Getting runtime from within kernal

Is there a way to time how long it takes for something to run within the kernel? I’ve looked at events but those appear to be outside the kernel, whereas I need to check how long a device call may take within a global call. Something like date_and_time or even just time()

The closest mechanism is clock() and clock64(), described here. This can occasionally be a bit confusing because the compiler may still re-order instructions. Also note that this measurement (like all other device code) happens per-thread. You can find many discussions about using these on this forum and other forums

Oh dear, I was worried you would say that. I’m afraid I tried clock earlier today and got a compiler issue. Specifically I got the error
nvlink error : Undefined reference to ‘clock’ in ‘/tmp/pgfortranuEIm8j4mp4Qb.o’
pgnvd-Fatal-cnvlink completed with exit code 255

while trying to do

integer :: timeGPU
timeGPU = clock()

and my compiler call is
pgfortran -Mcuda -o CRAFT_GPU_Nt CRAFT_GPU_Nt-1.f90 -v

https://docs.nvidia.com/hpc-sdk/pgi-compilers/18.7/x86/cuda-fortran-prog-guide/index.htm#cfref-fort-mods-dev-mods

And if it were me, I would use clock64, only.

Looks like clock64 compiled correctly. clock() still causes that same error.

also, one more quick question, is clock64 supposed to output negative numbers? I’m not familiar with timing using clock cycles instead of time. Am I putting the output into the wrong type of variable?

No, it doesn’t output negative numbers. It outputs a 64-bit unsigned integer, so interpreting it as a signed integer is technically wrong. I’d be very surprised, though, if the actual output rolled over the 64-bit signed integer max value. So, I don’t really know what is happening in your case. I think if you are jamming it into a 32-bit integer, than that is probably the issue.

I’ve tried changing the variable from integer::timeGPU to integer(8)::timeGPU but that appears to cause copyout Memcpy (host=0x0x2207680, dev=0x0x2300b20a00, size=8) FAILED: 77(an illegal memory access was encountered) and I’m not sure why since that’s not happened before. It’s also causing it to compile much much faster which makes me think something may be wrong with the way I’m declaring variables? Is there a different way to specify integer(8)? I’ve been using real*8 successfully until so I assumed interger(8) would work like normal.

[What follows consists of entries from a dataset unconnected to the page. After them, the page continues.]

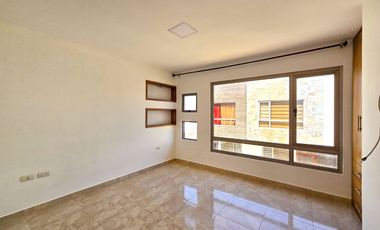 Alquiler de Casa Moderna de 2 Pisos y 3 Dormitorios - Conjunto Cerrado Terranova, Salinas, Santa Elena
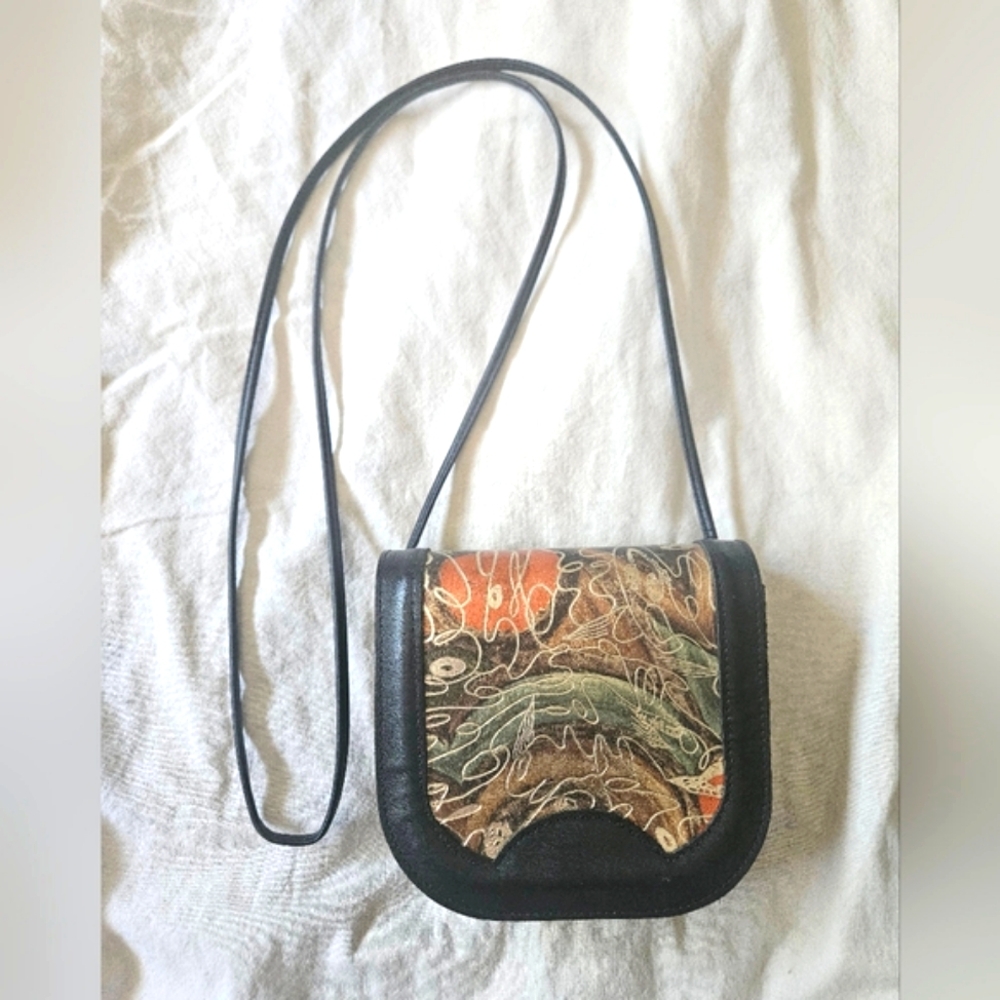 Painted Leather Crossbody By Roberto Vascon Purse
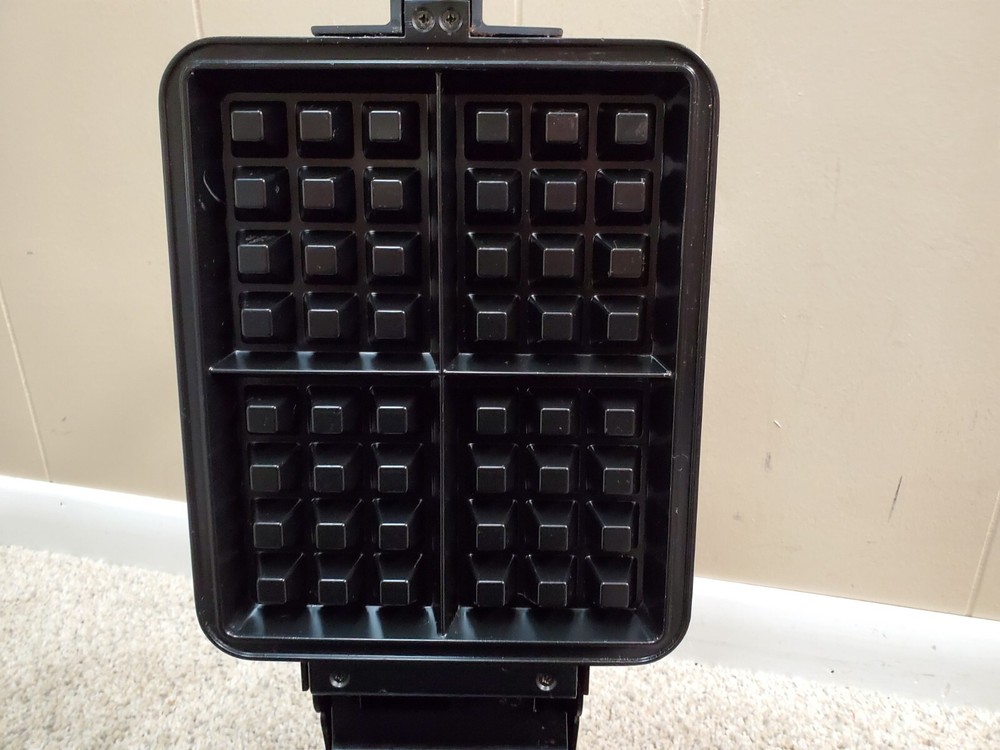 VillaWare Compact Pro Belgian Flip Waffler Waffle Maker Rotating 31201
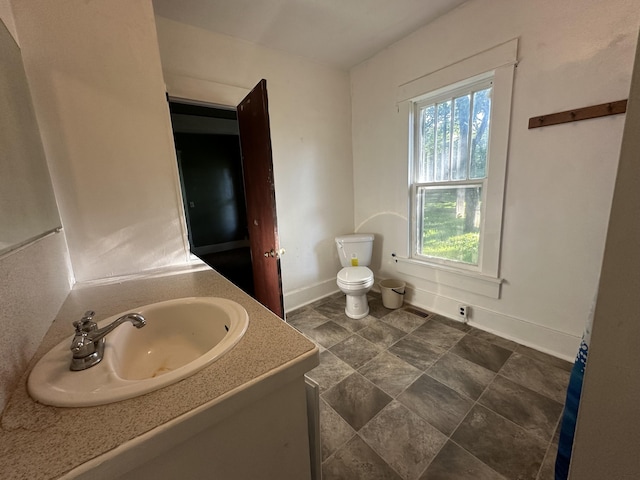 5143 Farm Rd Unit 2000, Pierce City, MO 65723 - bathroom with baseboards and vanity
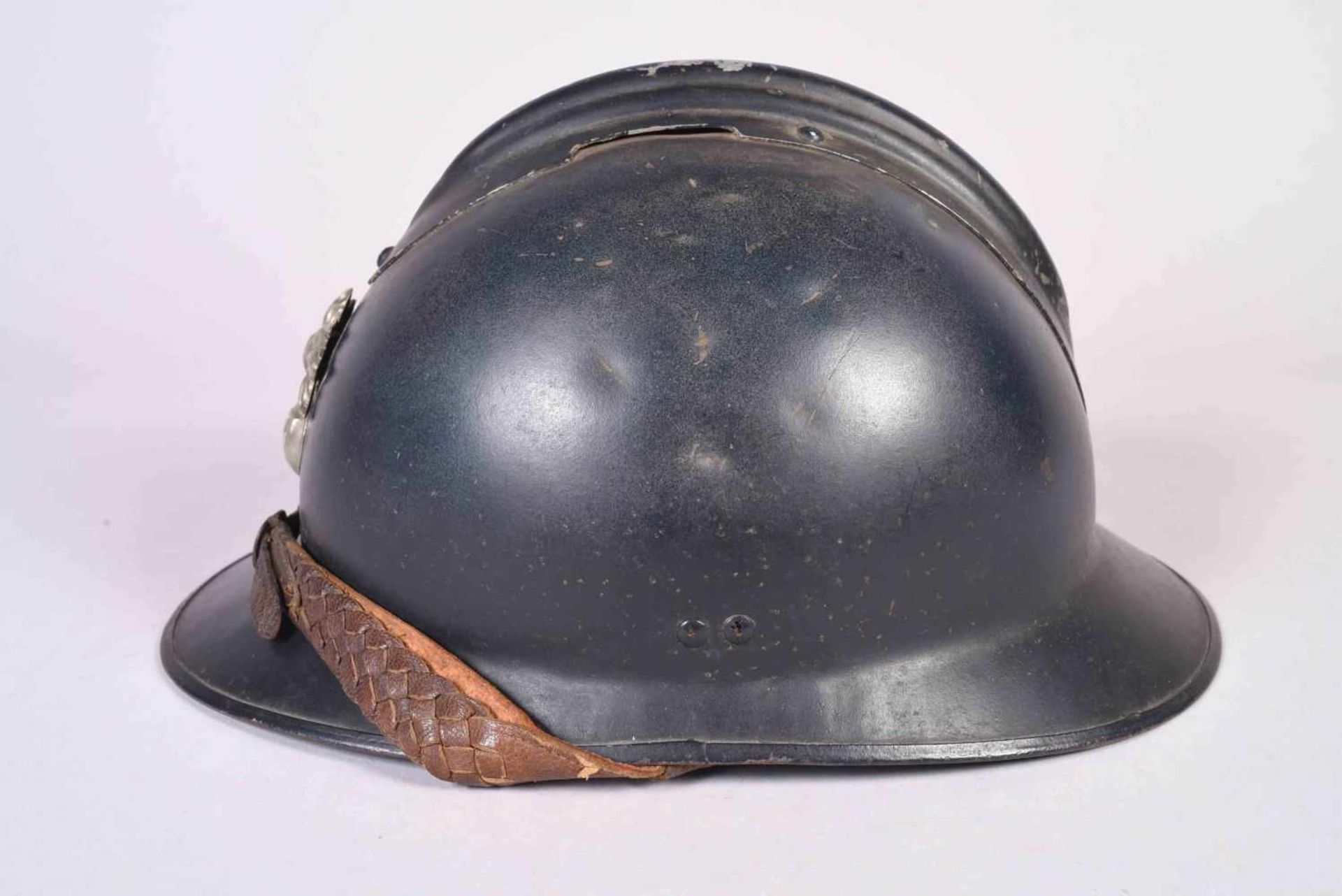 Casque Adrian modèle 26. Attribut de la gendarmerie. Fabricant L.U.M 39. Coque C. Peinture Bleu nuit - Bild 2 aus 6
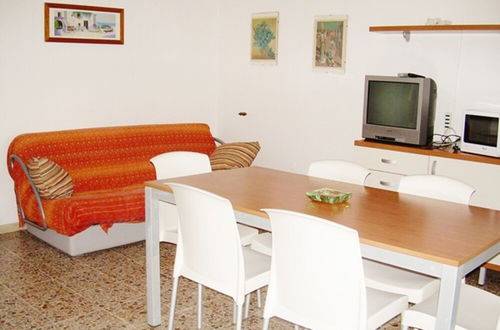 Foto 9 - Three-room Apartment in a Family House With Shared Garden in Lignano Pineta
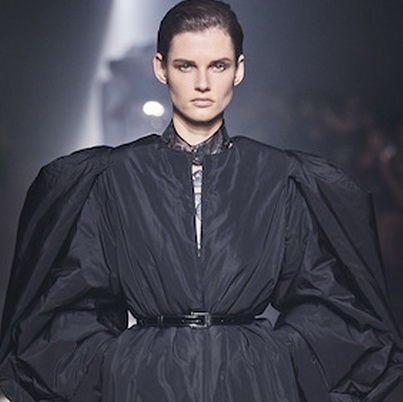 Givenchy осень-зима 2020 (87146-Givenchy-AW-2020-s.jpg)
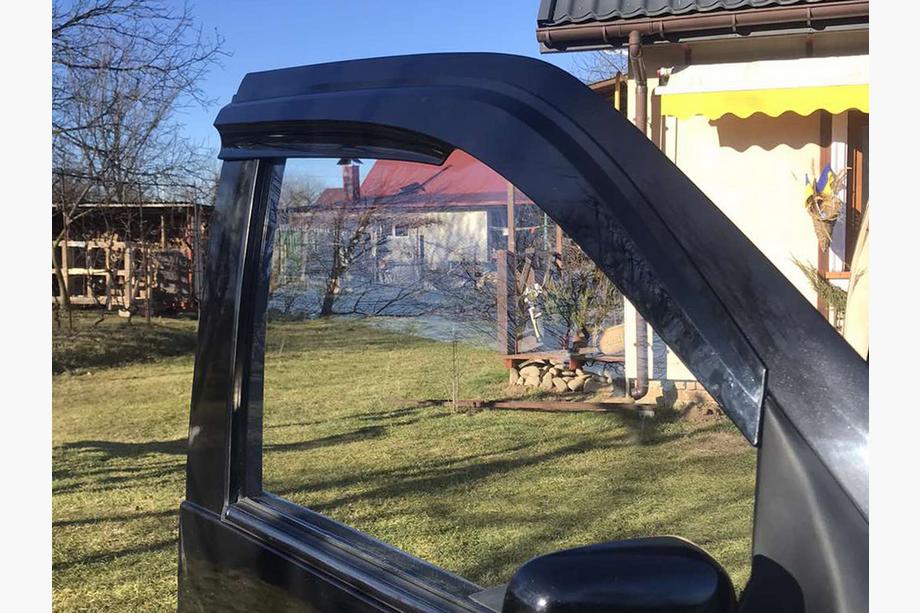 Mercedes Vito W638 1996-2003 Déflecteurs de Vitres (2 pcs, Sunplex Sport) Photo 4
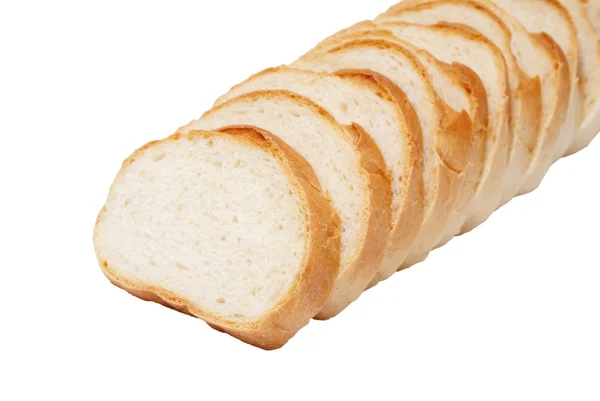 Буханка белого хлеба, разрезанная на куски — стоковое фото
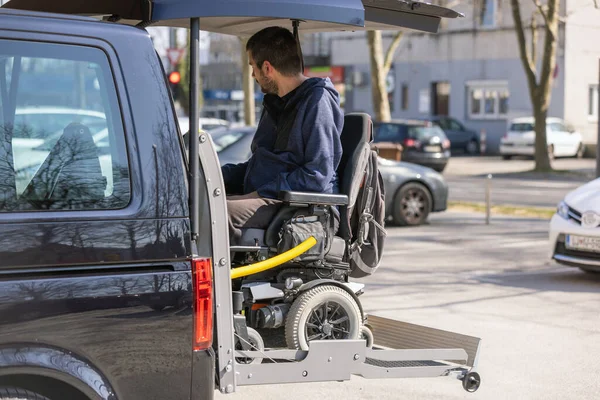 Man Disability Using Hydraulic Wheelchair Lift Get Van Summer Day — Zdjęcie stockowe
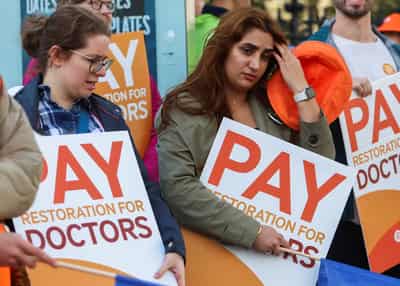 Image for Senior doctors in England accept new pay offer and end strikes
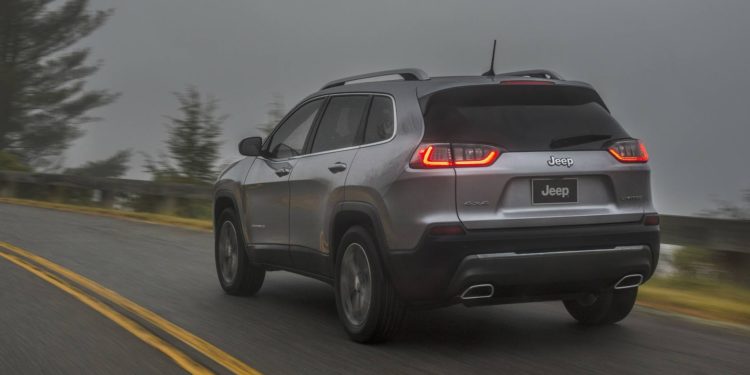 Jeep Cherokee aparece de "cara lavada" em Detroit! 14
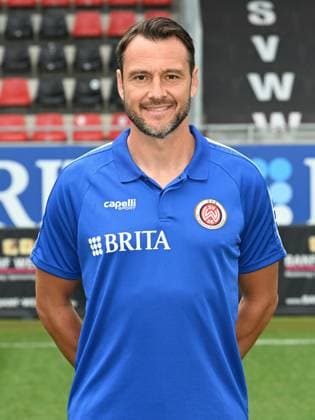 21.07.2023, xjhx, Fussball 2.Bundesliga, SV Wehen Wiesbaden Fototermin Saison 2023 24 emspor, Co-Trainer Nils Döring; SV Wehen Wiesbaden; 2.BL, Porträttermin 2023 2024 (DFL DFB REGULATIONS PROHIBIT ANY USE OF PHOTOGRAPHS as IMAGE SEQUENCES and or QUASI-VIDEO) Wiesbaden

Update, I removed the print statement it looks like everything is back to normal. I guess printing the integer(8) is causing problems, which I wouldn’t have guessed since printing real*8 works fine, but I digress. Is there an easy way to output this from within the kernal is printing is causes issues, or is that fact it cannot print them itself a problem?

Update: I removed the print statement it looks like everything is back to normal. I guess printing the integer(8) is causing problems, which I wouldn’t have guessed since printing real*8 works fine, but I digress. Is there an easy way to output this from within the kernel or is printing itself the problem, or is that fact it cannot print abnormal?

I believe you can print from a CUDA Fortran kernel.

You can print from CUDA Fortran kernels just fine, I do it all the time, but for some reason trying to print the integer(8) I put the timeGPU into causes a memory issue.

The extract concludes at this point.